The Daniels Building at the University of Toronto embodies a holistic approach to urban design and sustainability. As the new home for the John H. Daniels Faculty of architecture, landscape, and design, its purpose is to engage students and the broader community in dialogue about the built environment.

At the center of one of Toronto’s few circular parcels, the project anchors the southwest corner of the University and opens the circle to the public after years of inaccessibility. It restores the historic and forgotten building to its original grandeur while also integrating a new addition. The north-south axis characterizes symbolic relationships to the City, while the east-west axis is activated by pedestrian traffic. On the western edge, a discreet arcade addresses the residential scale of the adjacent neighborhood. Meanwhile, a public plaza to the east creates a prominent relationship with the campus. The renewed site invites activity, with circulation for pedestrians and cyclists. Extensive sustainable features including a noteworthy approach to site stormwater management while simultaneously bringing a heritage building back to life.
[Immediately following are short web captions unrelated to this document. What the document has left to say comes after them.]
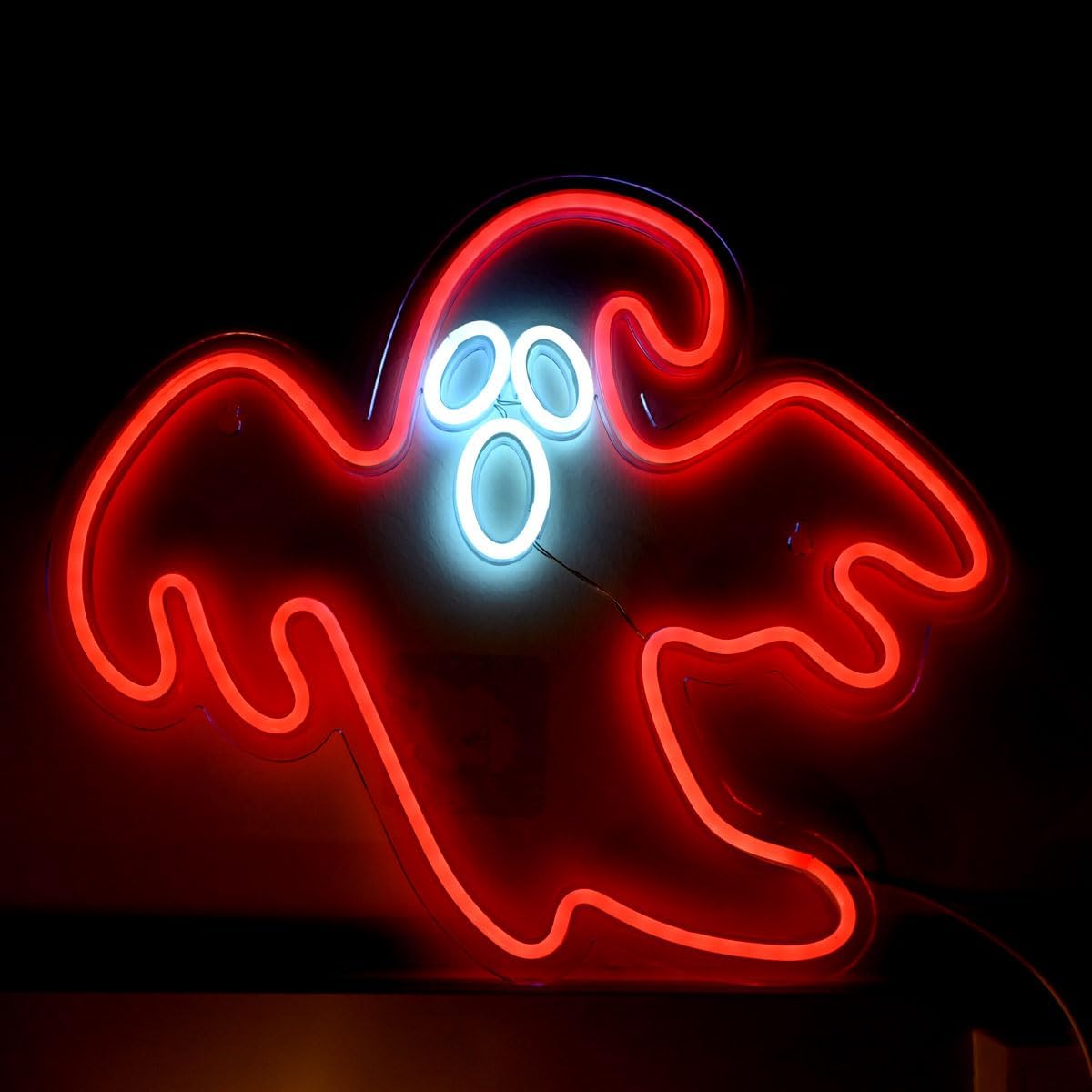 Luz de neón fantasma de Halloween, luz LED de fantasma rojo, luz de decoración de fiesta de interiores, decoración colgante de 14 pulgadas, letrero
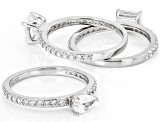 White Cubic Zirconia Platinum Over Sterling Silver Ring Set 4.51ctw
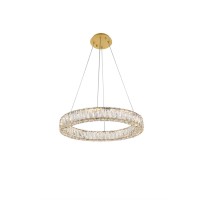 Monroe Integrated Led Chip Light Gold Chandelier Clear Royal Cut Crystal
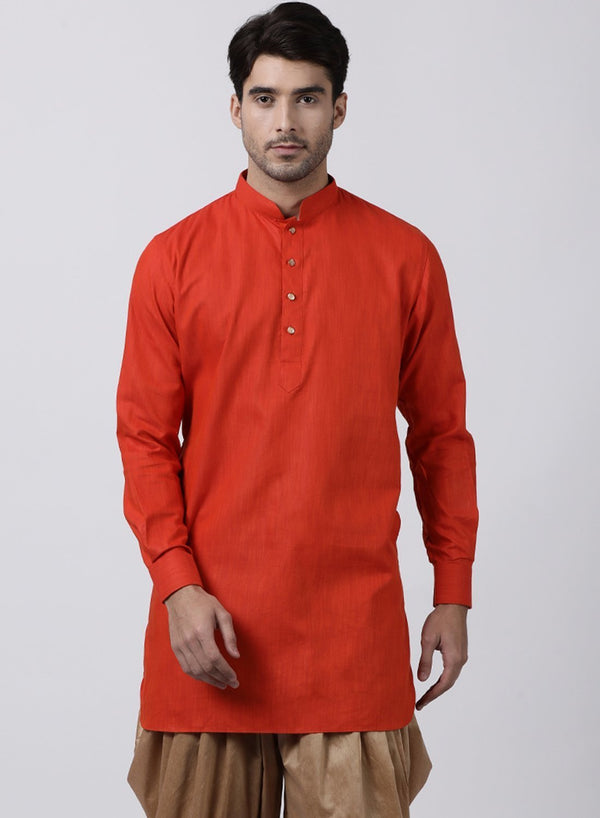 Men's Red Cotton Kurta - Vastramay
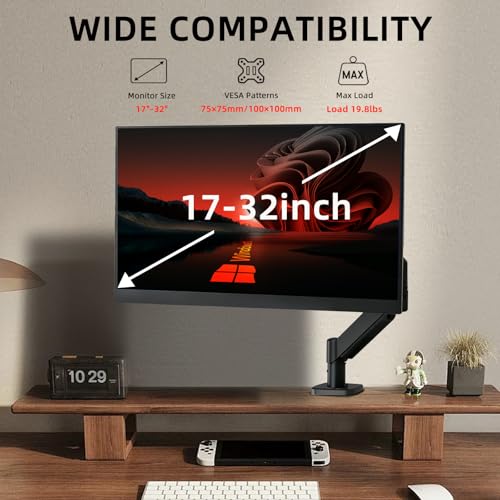 Single Monitor Mount for 17-32 Inch Screens, Gas Spring Monitor Arm Desk Mount with Full Motion Adjustment, Supports 4.4-19.8 lbs Monitors, VESA 75x75/100x100, C-Clamp & Grommet Base
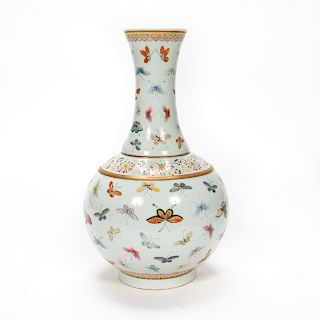 Chinese Butterfly Motif Porcelain Bottle Vase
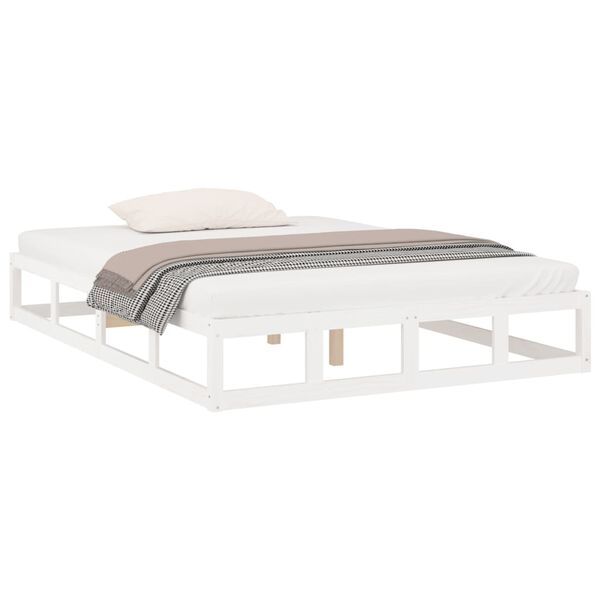 vidaXL Estrutura de cama 200x200 cm pinho maci&ccedil;o branco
The design of this building presented a case where problems of pedagogy come face to face with a physical environment that is inhabited and tested daily by an audience of experts, critics, teachers, practitioners, and students, the very protagonists of the medium. It is perhaps one of the few occasions where the audience is engaging with the building and its authors at a higher level, making it an added challenge –and responsibility– to speak to architectural questions with a greater degree of nuance, as such the building was designed to become a pedagogical tool, integrated into the curriculum with both sustainable/design elements and school programs on display both to students and the public.